I tell myself that the purpose of a journal is to
accurately reflect and
convey the
events and happenings of a day, a week, a month, a year. That is what it is for, that is the purpose of keeping a
log. Whenever I tell myself that, I find it impossible to write, however.
It is not enough to
record. A deeper reason has to be found.
...
Whenever I look for the ideal of a ‘
perfect journal’, I always find myself returning to
Brandon, and
gaijin.com. Not due to a stellar layout, or any design ability on his part, but because of the way he puts his words down into sentences, one after the other. I suppose that I
trap myself at times, by reading his words, because I want to make my own seem equally
soulful,
profound, or ‘
real’, whatever that means.
I want to be a star going nova, I want what it is I feel to be understood by those few who read my words, regardless of if they’re strangers, friends, family, or uninterested parties that stumbled here via a misdirected
search engine. I want to be
universal, I want to be
passionate.
The longer I take between entries, the more I stay away from
restraint, from
the web in general, I find the colour draining out of my skin. I am unhappy with the quality of my writing and my inability to design, because it seems that I am unable to create, in any sense of the word. Nothing new is coming from me. Everything is
rhetoric and ‘
relevant social commentary’ I’ve picked up from oversized artsy novels.
Pulp trash for the
enlightened.
...
I’m
twenty-two now. I’ve made it further than I thought I ever would, at least as far as time is concerned.
When you’re sixteen, twenty-two is a world away.
I am only starting to learn what that means. I am only starting to understand that I am not still sixteen. I still accidentally answer ‘sixteen’ sometimes when asked
my age. A slip, but not an overly embarrassing one.
...
Perhaps it’s not that
things are falling apart, as it appears and has appeared for quite some time.
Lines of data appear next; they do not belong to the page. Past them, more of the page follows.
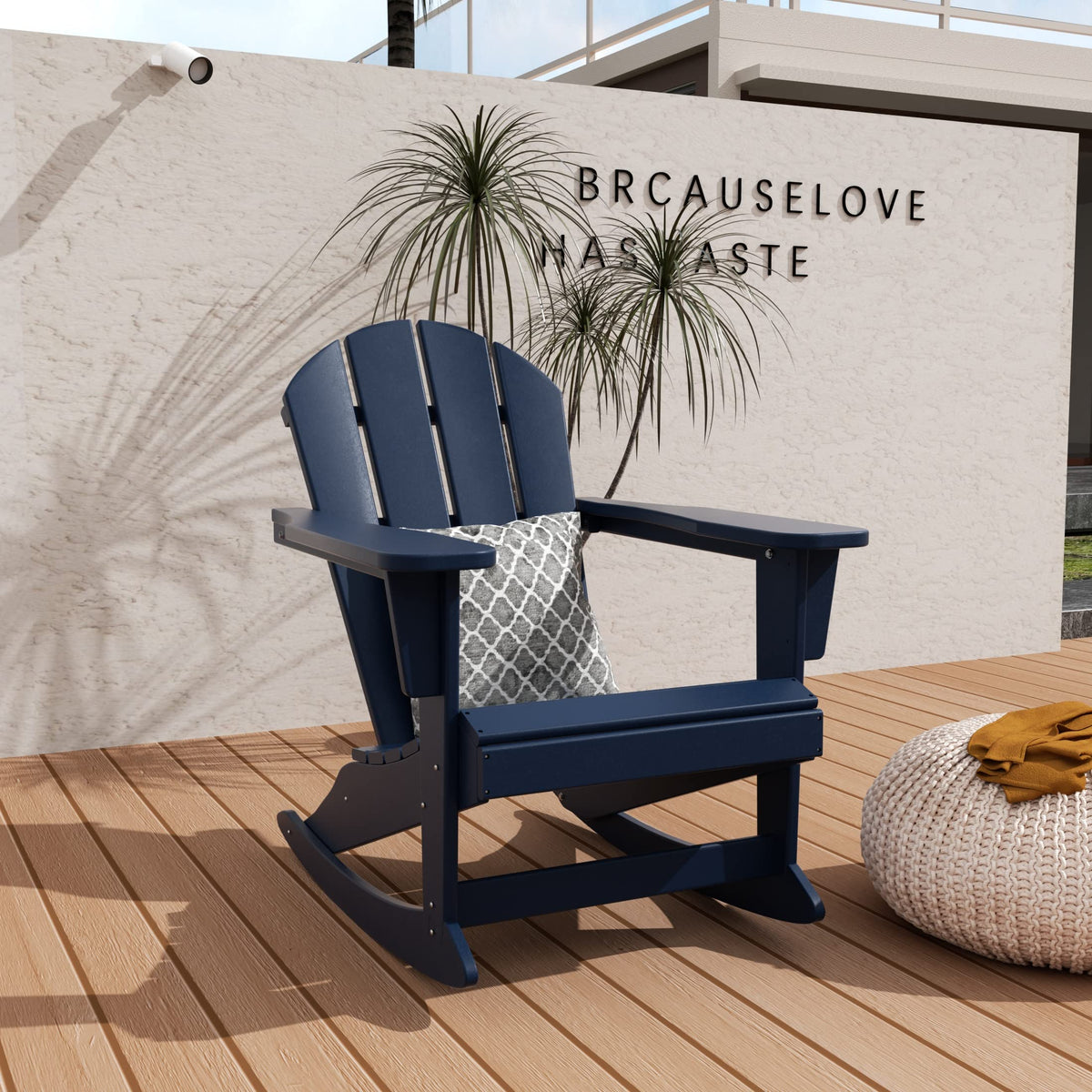 Navy Blue HDPE Outdoor Rocking Chair I573562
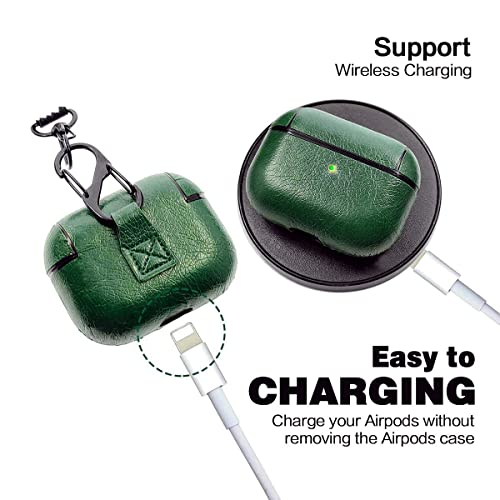 GadgetBite Leather Shock-Absorbing Protective Case Skin with Keychain Compatible with Apple AirPods 3rd Generation/Airpod 3 (Green) - Image 4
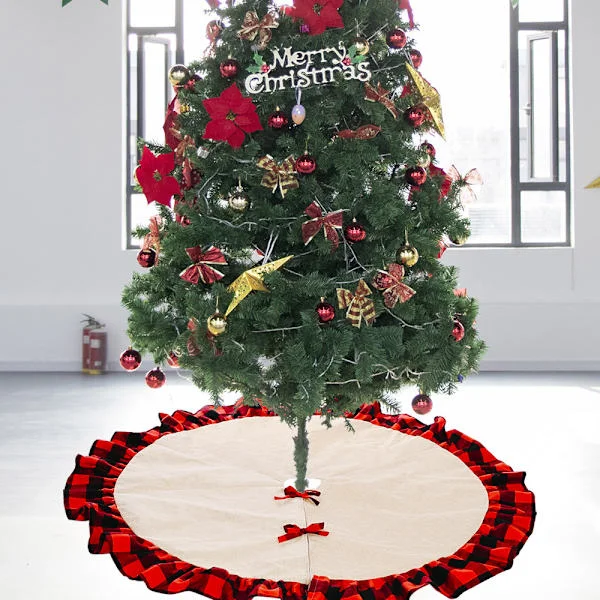 Gingham Christmas Tree Skirt in Hemp - Red Black 120cm, Christmas Tree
Perhaps things simply
decay, and
atrophy, and are constantly in a state where they appear to be rusting, if care is not taken to preserve them.
I expect every morning to be better than the night previous, because that’s the way things were when I was sixteen. It was the
summer of plenty, and there were always more of whatever I needed. Friends, money, laughs, cigarettes, run-ins with authority that only served to
further my awareness of
my own immortality.
Things will not be better in the morning anymore. The world no longer prepares itself for me while I sleep. I am no longer nearly as important; the universe has learned to get along without my constant help.
...
It’s never in the
mornings that the dread sets in. It’s only in the
early afternoon, when the limitations of my own abilities set in, and the competition and challenges of finding full-time work present themselves. (I cannot rely on
contract work any further. I do not have the
dedication.)
I am not where I want to be.
And the world will not carry me there.